[Assigned task] Look below for the line with "Palm Tree Modern"; begin the copy there and stop after the line with "Moulins à sel et à poivre en bois", keeping the text exact and the pictures out.

[Information given]

* * * * * * * * *

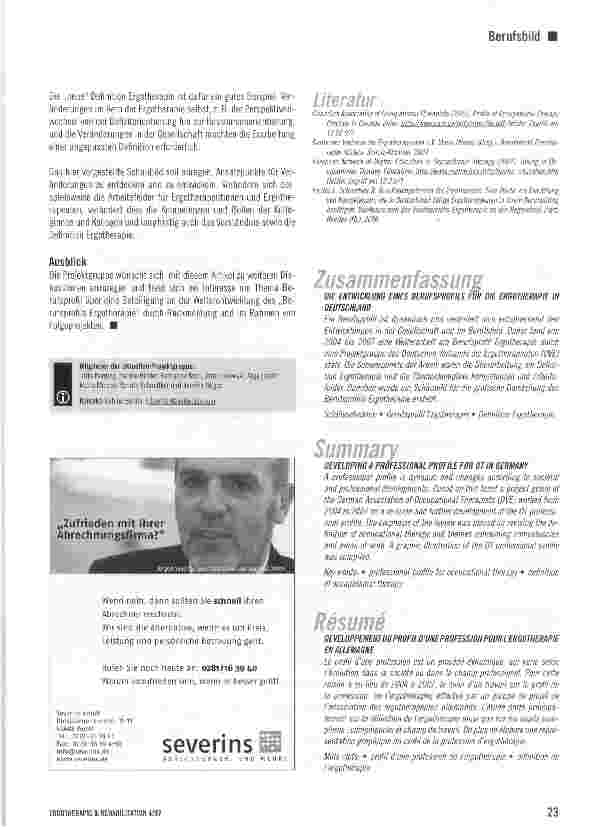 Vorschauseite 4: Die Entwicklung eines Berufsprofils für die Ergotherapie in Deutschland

* * * * * * * * *

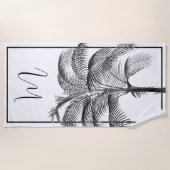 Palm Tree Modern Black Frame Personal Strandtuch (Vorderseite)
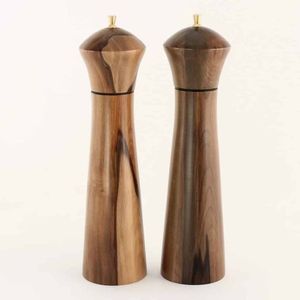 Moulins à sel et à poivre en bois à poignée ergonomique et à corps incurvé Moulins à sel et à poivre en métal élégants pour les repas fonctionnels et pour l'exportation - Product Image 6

* * * * * * * * *

[Solution]
 Palm Tree Modern Black Frame Personal Strandtuch (Vorderseite)
 Moulins à sel et à poivre en bois à poignée ergonomique et à corps incurvé Moulins à sel et à poivre en métal élégants pour les repas fonctionnels et pour l'exportation - Product Image 6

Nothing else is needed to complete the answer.